AWS Bedrock · LLM Pipeline · Production
Customer Service LLM Summarization
Event-driven pipeline that processes 1.3M customer service interactions per year and turns them into structured features for downstream ML models. The system runs on AWS Bedrock and has been in production for 18 months across 5 countries.
Interactions / Year
1.3M
Success Rate
99.7%
Avg Latency
1.2s
Cost per Call
$0.003
The problem
Customer service interactions were a missing signal in our churn models. We had 1.3M of them per year across 5 countries, but they were raw text — useful only if you could extract the right features at scale. Manual labeling wasn't viable, and training a classification model required labeled data we didn't have.

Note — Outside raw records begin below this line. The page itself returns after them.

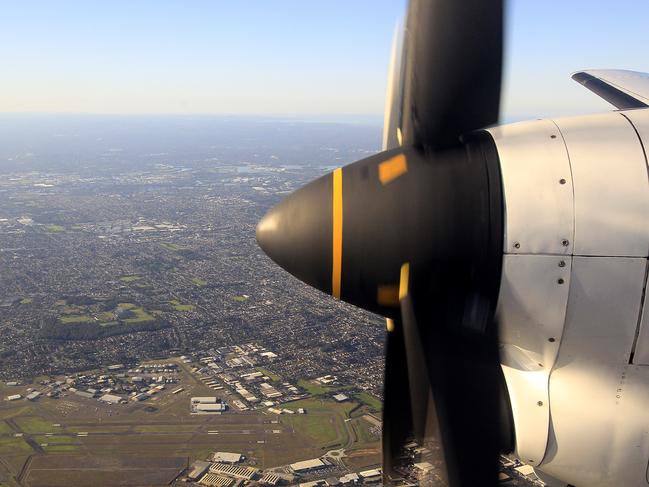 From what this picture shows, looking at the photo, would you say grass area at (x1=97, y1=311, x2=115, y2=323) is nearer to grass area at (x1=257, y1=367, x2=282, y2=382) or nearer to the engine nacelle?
grass area at (x1=257, y1=367, x2=282, y2=382)

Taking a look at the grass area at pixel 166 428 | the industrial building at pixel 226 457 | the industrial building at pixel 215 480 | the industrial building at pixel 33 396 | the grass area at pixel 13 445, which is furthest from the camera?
the industrial building at pixel 33 396

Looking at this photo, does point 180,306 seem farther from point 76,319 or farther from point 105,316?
point 76,319

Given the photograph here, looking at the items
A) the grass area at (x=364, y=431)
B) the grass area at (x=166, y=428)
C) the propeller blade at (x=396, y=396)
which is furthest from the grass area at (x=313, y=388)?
the propeller blade at (x=396, y=396)

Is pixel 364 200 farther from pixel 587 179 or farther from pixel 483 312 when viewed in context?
pixel 587 179

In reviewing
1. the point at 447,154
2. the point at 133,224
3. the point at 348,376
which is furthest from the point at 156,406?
the point at 133,224

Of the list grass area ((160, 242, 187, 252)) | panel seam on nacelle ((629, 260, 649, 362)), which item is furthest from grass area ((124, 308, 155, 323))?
panel seam on nacelle ((629, 260, 649, 362))

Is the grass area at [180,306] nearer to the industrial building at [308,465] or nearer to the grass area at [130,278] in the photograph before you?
the grass area at [130,278] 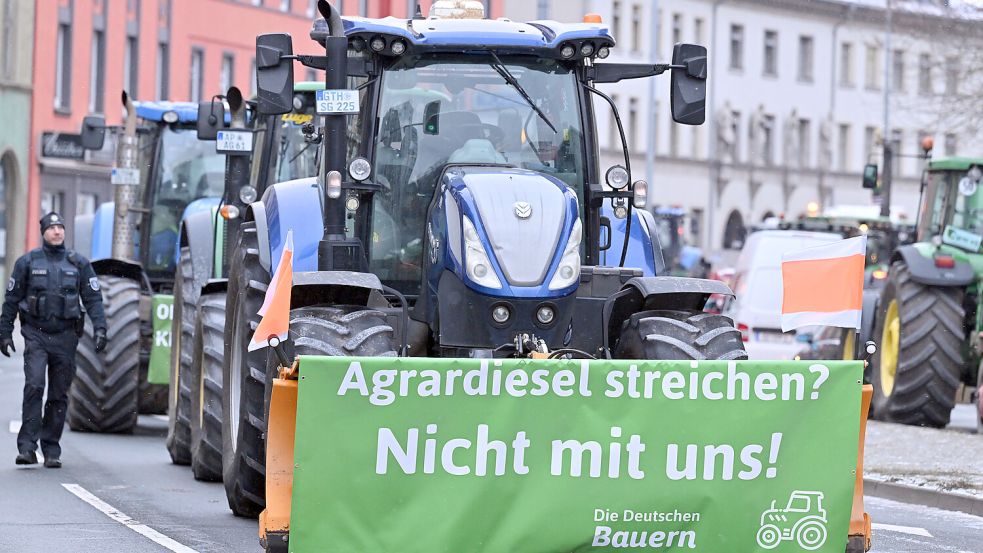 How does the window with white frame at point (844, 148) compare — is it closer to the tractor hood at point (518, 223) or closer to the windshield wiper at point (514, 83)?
the windshield wiper at point (514, 83)

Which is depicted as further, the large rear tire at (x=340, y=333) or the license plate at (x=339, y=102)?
the license plate at (x=339, y=102)

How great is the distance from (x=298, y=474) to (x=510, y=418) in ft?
2.99

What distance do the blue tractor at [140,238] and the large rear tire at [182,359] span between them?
5.01 ft

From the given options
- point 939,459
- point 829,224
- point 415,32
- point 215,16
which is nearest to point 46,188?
point 215,16

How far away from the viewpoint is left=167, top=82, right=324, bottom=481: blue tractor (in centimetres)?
1556

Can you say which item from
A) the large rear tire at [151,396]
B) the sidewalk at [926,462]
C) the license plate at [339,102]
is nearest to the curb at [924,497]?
the sidewalk at [926,462]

The challenge was doing this cheaply. A naive Bedrock setup would have cost ~$4,000/month just in API calls. Multi-language support added complexity — we needed consistent output structure across Dutch, French, Spanish, Polish, and a few others, without running separate fine-tuned models per country.
Design constraints that shaped the solution:
- ~3,600 interactions per day, latency-tolerant (minutes, not ms)

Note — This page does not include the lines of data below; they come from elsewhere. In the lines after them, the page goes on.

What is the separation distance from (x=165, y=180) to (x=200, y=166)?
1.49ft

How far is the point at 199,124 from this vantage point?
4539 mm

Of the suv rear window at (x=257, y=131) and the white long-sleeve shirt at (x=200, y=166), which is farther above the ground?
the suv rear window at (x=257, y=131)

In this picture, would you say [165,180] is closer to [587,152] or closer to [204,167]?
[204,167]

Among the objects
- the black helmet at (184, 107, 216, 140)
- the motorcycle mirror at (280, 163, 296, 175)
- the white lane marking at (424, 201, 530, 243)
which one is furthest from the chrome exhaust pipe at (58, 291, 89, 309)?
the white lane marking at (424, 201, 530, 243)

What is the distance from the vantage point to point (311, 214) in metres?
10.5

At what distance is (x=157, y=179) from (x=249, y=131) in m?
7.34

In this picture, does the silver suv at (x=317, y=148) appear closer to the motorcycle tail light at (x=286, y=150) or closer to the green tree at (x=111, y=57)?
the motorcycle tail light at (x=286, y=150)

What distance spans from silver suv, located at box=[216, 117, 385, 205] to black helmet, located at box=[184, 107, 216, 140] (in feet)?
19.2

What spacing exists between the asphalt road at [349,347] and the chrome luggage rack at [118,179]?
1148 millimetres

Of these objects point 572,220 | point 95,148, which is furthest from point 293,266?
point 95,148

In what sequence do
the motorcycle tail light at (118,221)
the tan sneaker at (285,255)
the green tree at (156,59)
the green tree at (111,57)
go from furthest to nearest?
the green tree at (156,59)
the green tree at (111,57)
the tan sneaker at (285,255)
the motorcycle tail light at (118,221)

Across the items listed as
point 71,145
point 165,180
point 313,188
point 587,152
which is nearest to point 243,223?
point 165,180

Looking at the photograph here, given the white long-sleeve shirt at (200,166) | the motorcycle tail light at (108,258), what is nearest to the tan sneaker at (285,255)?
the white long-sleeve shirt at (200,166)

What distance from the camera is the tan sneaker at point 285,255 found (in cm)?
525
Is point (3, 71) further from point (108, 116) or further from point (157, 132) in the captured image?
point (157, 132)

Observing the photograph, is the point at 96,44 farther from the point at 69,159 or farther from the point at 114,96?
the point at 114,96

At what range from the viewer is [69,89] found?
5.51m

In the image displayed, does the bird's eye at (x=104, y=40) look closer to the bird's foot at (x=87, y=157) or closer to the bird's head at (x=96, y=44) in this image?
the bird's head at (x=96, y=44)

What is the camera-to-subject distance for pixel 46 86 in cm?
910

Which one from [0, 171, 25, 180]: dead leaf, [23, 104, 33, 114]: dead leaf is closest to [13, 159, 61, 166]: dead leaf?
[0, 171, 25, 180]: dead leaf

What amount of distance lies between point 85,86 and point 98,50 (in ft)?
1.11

- Output must be machine-readable for feature pipelines downstream
- Schema violations can't silently corrupt model training data
- Infrastructure needs to be maintainable by one engineer
Architecture
EventBridge triggers Lambda whenever a new interaction lands in S3. Lambda batches the requests, calls Bedrock, and runs the output through a schema validator before writing to the SageMaker feature store. Failed events go to a dead letter queue for inspection.

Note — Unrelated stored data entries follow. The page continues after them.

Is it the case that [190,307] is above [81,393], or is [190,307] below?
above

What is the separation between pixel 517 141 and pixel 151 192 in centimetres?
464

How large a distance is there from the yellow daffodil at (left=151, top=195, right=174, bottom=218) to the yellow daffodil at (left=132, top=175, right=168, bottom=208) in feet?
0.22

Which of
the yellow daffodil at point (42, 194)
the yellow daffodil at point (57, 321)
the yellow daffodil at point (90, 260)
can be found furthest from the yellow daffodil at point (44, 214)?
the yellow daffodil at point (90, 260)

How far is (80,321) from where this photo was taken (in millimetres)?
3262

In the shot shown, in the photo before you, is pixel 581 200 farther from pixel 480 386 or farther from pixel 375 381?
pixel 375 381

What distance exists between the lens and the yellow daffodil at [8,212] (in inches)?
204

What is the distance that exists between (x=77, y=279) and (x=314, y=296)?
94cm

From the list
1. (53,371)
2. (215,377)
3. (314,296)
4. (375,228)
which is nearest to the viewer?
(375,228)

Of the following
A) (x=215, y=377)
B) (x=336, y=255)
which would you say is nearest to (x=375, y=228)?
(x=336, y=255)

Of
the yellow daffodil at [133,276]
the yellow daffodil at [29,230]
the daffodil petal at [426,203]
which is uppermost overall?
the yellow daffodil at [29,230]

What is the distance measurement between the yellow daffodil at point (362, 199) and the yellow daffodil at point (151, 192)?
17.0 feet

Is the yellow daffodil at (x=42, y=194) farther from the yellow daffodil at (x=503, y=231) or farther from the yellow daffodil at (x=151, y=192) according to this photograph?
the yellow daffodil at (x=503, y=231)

The key design decision was treating this as a batch pipeline rather than real-time — which unlocked batching and prompt caching. The business didn't need these features within seconds, so optimising for throughput and cost rather than latency was the right call.
Implementation details
Prompt caching strategy
The big cost lever. Bedrock supports prompt caching on the system prompt portion — if that part is identical across calls, you only pay to process it once. I structured prompts so the instruction block is fixed (and cached) and only the interaction text varies. This alone cut costs by 40% and is the reason we hit $0.003/call at scale.
import boto3
import json
class BedrockClient:
def __init__(self):
self.client = boto3.client('bedrock-runtime')
self.model_id = 'anthropic.claude-3-sonnet-20240229-v1:0'
def extract_features(self, interaction_text: str) -> dict:
prompt = f"""Extract structured info from this customer interaction:
- summary (max 200 chars)
- sentiment: positive/neutral/negative
- topic
- intent
- resolution_status: resolved/escalated/pending
Interaction: {interaction_text}
Return as JSON."""
response = self.client.invoke_model(
modelId=self.model_id,
body=json.dumps({
"anthropic_version": "bedrock-2023-05-31",
"max_tokens": 500,
"temperature": 0.1,
"messages": [{"role": "user", "content": prompt}]
})
)
return json.loads(response['body'].read())Output schema & validation
The output parser is one of the more critical pieces — downstream models assume clean input, so any schema violation needs to be caught here, not silently passed through. The validator checks field presence, type, and value ranges before writing to the feature store.
{
"interaction_id": "uuid",
"summary": "string (max 200 chars)",
"sentiment": "positive|neutral|negative",
"primary_topic": "string",
"intent": "string",
"resolution_status": "resolved|escalated|pending",
"urgency_score": "float [0-1]",
"csat_indicator": "float [0-1]"
}Results
Volume
- 1.3M interactions processed annually
- ~3,600 per day
- 5 countries
- 10+ languages
Performance
- Average latency: 1.2s (p95: 2.8s)
- Success rate: 99.7%
- Cost: $0.003 per interaction
- 40% cost reduction via caching
Downstream impact
- Features feed 5+ downstream models
- Churn model AUC improved 0.03
- 95% reduction in manual labeling
- Enabled personalization pipeline
Organisational
- Established LLM patterns for the team
- Reusable monitoring infrastructure
- Template used for 2 follow-on projects
What I'd do differently
I underestimated how much language affects extraction quality. Dutch irony and Spanish formality patterns produce different sentiment signals than English — spent two months calibrating this per-country after launch.
The DLQ was an afterthought initially. Made it a first-class citizen after a batch failure silently dropped 4 hours of data. Now anything that fails surfaces immediately.
Low temperature (0.1) was the right call for structured extraction but meant the summaries were occasionally too terse. A small human eval corpus per language would have caught this earlier.